Data under study:
-=-=-=-=-

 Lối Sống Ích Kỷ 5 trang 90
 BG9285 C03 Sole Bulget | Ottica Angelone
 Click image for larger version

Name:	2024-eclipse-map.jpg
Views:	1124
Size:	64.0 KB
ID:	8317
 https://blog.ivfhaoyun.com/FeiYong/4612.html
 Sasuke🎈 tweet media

-=-=-=-=-

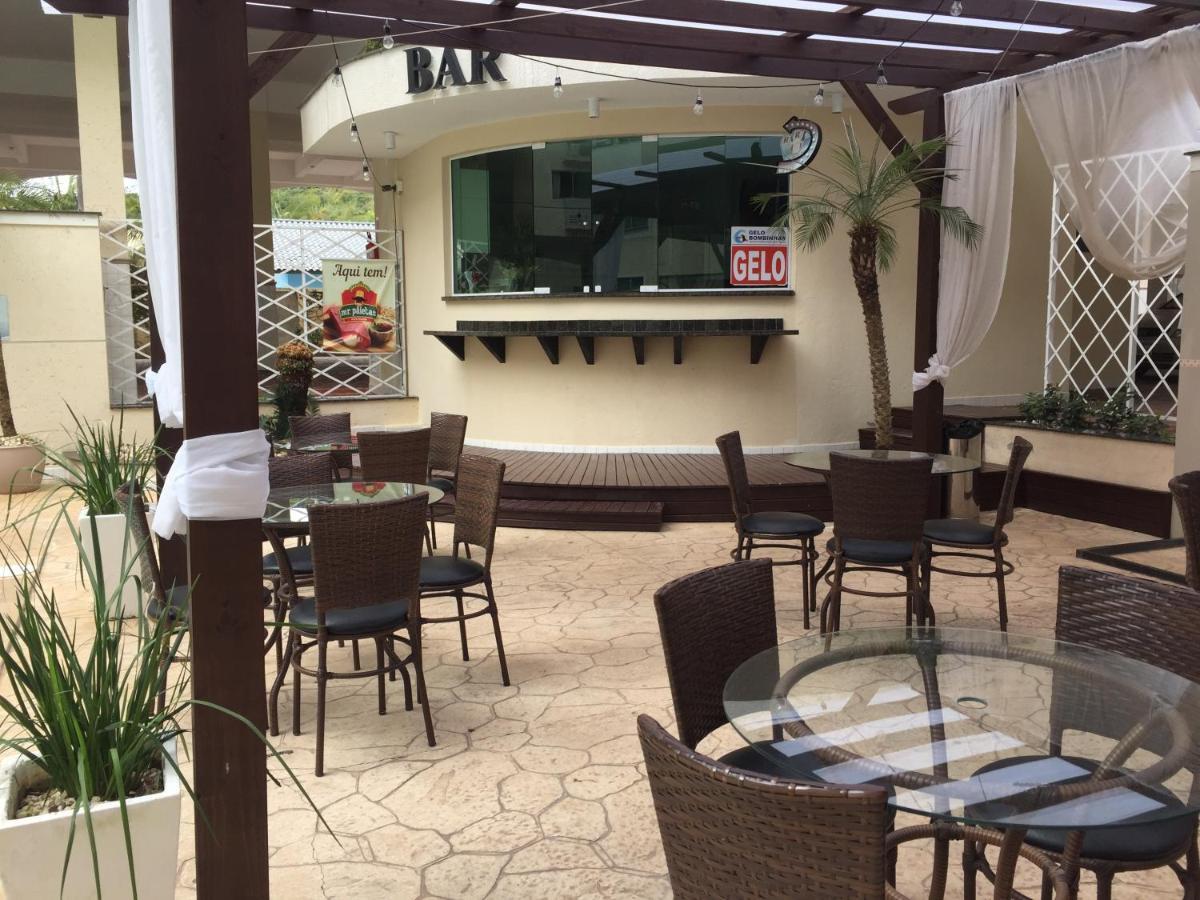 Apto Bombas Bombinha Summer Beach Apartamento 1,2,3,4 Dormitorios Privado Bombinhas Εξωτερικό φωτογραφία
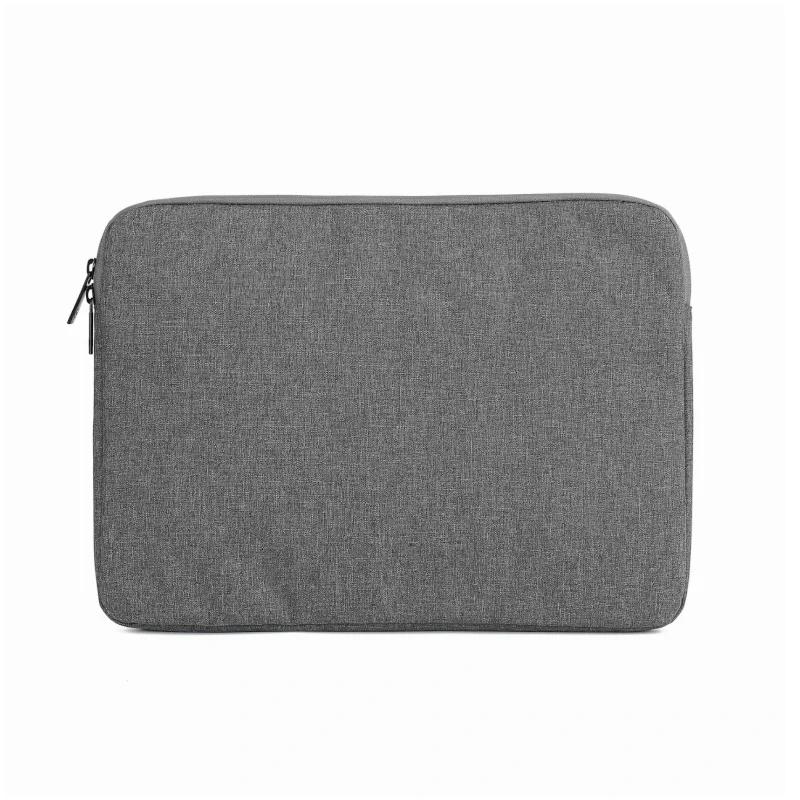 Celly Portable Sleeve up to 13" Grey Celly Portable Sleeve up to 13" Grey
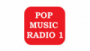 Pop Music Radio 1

-=-=-=-=-

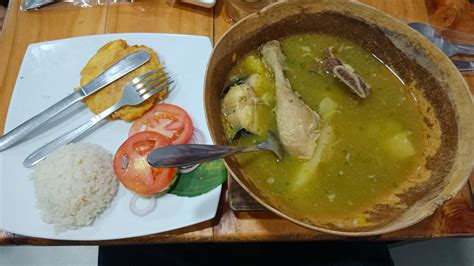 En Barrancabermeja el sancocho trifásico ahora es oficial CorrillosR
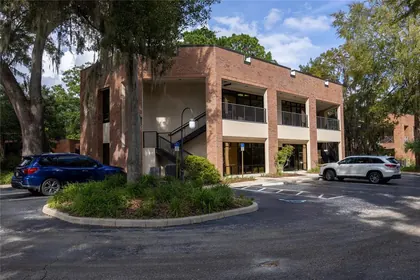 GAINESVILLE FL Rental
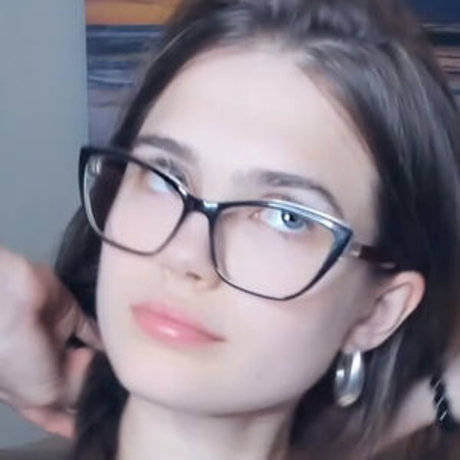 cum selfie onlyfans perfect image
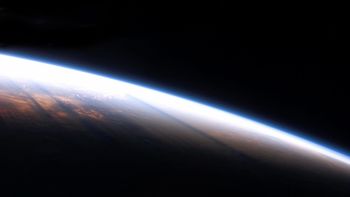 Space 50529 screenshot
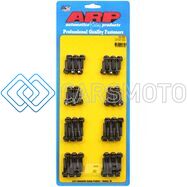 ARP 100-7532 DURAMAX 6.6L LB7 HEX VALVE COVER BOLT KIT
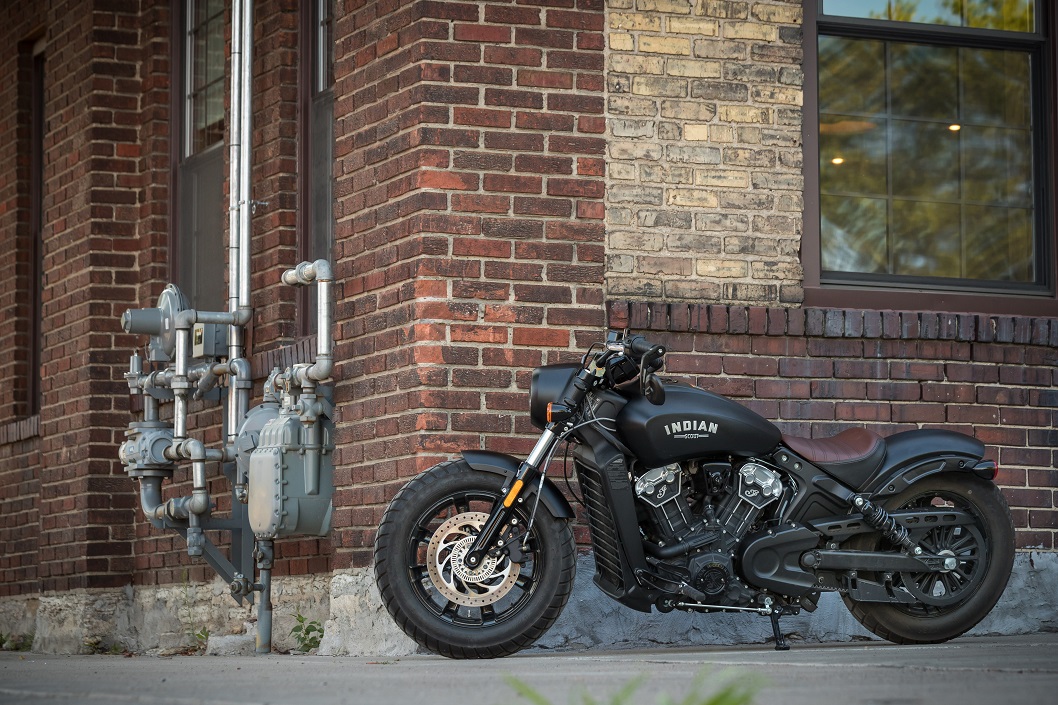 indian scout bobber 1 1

-=-=-=-=-

Task requirements: Give again, exactly as written above, every line from the one holding "Grey Celly Portable" to the one holding "Pop Music Radio 1", with both ends kept and the pictures left out.

Exercise solution:
 Celly Portable Sleeve up to 13" Grey Celly Portable Sleeve up to 13" Grey
 Pop Music Radio 1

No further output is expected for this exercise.